* **TASK OBJECTIVE**: Exactly the lines from the beginning of the material to the line with "Vařečka Dřevia Vařečka" are to be repeated, both ends included.

START PROVIDED MATERIAL

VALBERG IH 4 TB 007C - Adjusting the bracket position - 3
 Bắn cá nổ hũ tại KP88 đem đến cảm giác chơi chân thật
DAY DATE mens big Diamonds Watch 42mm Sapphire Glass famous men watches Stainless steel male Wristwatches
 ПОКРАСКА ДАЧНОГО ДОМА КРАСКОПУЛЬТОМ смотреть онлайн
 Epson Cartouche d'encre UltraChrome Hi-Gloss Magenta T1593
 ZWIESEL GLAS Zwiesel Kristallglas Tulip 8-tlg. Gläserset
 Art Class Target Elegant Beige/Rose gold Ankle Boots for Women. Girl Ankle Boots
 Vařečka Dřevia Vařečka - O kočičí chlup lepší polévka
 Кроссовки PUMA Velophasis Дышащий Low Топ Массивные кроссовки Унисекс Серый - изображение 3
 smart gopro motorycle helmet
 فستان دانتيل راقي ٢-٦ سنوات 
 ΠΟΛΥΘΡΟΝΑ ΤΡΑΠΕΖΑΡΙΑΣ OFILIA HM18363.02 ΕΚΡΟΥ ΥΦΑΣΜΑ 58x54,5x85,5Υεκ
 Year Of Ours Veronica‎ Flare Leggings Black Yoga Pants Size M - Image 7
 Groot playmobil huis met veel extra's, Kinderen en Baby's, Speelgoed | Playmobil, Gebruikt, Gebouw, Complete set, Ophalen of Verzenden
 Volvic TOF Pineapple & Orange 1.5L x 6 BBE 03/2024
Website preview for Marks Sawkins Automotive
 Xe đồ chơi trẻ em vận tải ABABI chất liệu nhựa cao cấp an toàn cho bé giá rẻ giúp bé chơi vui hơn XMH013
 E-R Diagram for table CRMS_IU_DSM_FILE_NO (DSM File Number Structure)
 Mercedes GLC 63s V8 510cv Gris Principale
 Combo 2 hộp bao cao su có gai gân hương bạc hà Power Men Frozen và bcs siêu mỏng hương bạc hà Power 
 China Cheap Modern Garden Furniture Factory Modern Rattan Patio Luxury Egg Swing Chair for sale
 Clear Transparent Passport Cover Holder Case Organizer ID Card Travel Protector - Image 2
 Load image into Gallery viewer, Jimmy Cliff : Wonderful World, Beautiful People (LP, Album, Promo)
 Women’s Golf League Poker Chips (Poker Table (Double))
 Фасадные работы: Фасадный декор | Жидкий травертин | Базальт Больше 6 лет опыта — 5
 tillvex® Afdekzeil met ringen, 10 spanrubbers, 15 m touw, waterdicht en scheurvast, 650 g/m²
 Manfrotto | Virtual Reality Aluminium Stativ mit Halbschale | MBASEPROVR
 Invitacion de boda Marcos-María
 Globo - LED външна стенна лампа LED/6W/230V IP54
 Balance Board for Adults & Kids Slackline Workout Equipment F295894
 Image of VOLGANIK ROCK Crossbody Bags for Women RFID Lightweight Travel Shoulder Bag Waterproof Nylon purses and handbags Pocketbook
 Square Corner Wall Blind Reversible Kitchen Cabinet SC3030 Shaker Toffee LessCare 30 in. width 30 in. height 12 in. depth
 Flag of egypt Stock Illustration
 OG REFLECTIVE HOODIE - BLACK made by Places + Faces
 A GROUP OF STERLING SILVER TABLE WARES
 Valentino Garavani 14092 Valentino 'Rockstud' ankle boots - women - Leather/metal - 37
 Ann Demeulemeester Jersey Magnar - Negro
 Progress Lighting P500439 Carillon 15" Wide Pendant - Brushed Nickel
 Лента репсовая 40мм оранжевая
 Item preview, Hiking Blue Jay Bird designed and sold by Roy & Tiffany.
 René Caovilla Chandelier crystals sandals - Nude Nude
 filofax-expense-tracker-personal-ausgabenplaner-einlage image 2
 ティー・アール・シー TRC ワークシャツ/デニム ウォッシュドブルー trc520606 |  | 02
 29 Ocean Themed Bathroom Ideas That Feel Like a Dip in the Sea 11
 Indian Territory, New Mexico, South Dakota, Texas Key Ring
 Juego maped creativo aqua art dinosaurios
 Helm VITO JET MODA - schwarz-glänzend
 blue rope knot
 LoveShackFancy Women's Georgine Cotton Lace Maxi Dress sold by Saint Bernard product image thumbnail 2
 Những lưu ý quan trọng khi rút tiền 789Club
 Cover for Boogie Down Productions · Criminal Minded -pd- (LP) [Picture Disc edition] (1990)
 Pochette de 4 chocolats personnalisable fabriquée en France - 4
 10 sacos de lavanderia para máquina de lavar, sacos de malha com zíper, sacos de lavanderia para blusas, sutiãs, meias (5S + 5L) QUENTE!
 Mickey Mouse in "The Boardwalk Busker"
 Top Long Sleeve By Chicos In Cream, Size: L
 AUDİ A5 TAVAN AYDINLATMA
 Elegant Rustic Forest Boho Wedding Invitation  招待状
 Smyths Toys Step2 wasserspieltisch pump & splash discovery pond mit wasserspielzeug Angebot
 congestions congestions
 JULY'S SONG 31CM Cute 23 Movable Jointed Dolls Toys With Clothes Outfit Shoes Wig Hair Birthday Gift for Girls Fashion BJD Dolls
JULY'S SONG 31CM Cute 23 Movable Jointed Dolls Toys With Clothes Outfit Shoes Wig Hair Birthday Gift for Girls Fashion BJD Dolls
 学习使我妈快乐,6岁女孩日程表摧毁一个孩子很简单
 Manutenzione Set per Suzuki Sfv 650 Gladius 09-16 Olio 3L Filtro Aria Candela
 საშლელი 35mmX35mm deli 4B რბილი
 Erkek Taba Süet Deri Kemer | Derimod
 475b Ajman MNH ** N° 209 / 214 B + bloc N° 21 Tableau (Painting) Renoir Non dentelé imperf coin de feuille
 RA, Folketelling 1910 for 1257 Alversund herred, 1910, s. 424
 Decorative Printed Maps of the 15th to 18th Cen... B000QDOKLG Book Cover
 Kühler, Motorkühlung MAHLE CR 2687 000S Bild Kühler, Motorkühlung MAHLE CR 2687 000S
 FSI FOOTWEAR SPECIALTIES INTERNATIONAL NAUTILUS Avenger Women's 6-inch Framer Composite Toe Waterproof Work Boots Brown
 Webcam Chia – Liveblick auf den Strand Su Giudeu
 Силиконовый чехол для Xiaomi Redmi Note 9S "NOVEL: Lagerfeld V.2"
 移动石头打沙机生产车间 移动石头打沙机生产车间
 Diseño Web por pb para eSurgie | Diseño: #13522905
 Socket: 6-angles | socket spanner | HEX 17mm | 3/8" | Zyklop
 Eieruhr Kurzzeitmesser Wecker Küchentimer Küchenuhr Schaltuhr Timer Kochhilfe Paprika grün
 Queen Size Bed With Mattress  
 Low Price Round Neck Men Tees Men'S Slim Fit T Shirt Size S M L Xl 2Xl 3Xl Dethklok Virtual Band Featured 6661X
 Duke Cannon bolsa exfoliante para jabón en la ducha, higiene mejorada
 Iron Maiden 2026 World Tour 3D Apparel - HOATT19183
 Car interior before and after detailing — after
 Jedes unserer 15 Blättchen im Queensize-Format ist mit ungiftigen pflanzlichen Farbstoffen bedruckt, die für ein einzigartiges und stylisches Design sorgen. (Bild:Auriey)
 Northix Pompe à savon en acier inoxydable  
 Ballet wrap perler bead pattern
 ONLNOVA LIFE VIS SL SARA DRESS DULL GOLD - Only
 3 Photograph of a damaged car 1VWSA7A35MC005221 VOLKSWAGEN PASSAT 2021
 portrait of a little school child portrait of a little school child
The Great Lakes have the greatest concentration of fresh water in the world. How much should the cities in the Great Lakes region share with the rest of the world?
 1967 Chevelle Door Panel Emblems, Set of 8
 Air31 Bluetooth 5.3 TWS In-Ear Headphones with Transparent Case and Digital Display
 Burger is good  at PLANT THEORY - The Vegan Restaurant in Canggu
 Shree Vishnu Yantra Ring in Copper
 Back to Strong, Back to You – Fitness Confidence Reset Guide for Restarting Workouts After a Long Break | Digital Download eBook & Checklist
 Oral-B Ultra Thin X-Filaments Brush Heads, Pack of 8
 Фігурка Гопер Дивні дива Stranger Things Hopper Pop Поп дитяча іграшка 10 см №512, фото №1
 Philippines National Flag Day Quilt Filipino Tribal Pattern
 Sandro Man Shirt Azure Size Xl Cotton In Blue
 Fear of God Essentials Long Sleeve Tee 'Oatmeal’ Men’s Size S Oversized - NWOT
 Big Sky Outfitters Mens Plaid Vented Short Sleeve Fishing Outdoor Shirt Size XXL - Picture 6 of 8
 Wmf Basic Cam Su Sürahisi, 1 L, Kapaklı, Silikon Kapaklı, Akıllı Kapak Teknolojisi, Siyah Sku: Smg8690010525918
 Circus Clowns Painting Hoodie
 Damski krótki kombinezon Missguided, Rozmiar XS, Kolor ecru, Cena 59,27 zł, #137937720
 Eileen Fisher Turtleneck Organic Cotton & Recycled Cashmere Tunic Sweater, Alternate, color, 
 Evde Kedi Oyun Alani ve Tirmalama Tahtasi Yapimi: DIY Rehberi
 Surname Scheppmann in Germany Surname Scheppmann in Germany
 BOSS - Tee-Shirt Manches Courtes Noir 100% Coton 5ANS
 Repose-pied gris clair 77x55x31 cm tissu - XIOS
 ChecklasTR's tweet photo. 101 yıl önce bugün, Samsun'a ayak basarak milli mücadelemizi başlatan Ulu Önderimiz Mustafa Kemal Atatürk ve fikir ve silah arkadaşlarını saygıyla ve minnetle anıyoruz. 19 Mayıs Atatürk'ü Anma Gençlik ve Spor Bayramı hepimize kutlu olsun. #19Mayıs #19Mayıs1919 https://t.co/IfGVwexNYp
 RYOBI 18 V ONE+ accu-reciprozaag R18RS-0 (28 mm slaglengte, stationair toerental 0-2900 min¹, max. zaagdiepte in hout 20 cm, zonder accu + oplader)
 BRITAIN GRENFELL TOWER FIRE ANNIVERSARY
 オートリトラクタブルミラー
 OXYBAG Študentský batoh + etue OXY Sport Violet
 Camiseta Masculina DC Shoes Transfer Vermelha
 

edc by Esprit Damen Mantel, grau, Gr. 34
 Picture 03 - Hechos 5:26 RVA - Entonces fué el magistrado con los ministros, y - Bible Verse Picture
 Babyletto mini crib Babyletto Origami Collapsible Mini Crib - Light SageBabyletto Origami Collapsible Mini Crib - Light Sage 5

END PROVIDED MATERIAL

* **EXERCISE ANSWER**:
VALBERG IH 4 TB 007C - Adjusting the bracket position - 3
 Bắn cá nổ hũ tại KP88 đem đến cảm giác chơi chân thật
DAY DATE mens big Diamonds Watch 42mm Sapphire Glass famous men watches Stainless steel male Wristwatches
 ПОКРАСКА ДАЧНОГО ДОМА КРАСКОПУЛЬТОМ смотреть онлайн
 Epson Cartouche d'encre UltraChrome Hi-Gloss Magenta T1593
 ZWIESEL GLAS Zwiesel Kristallglas Tulip 8-tlg. Gläserset
 Art Class Target Elegant Beige/Rose gold Ankle Boots for Women. Girl Ankle Boots
 Vařečka Dřevia Vařečka - O kočičí chlup lepší polévka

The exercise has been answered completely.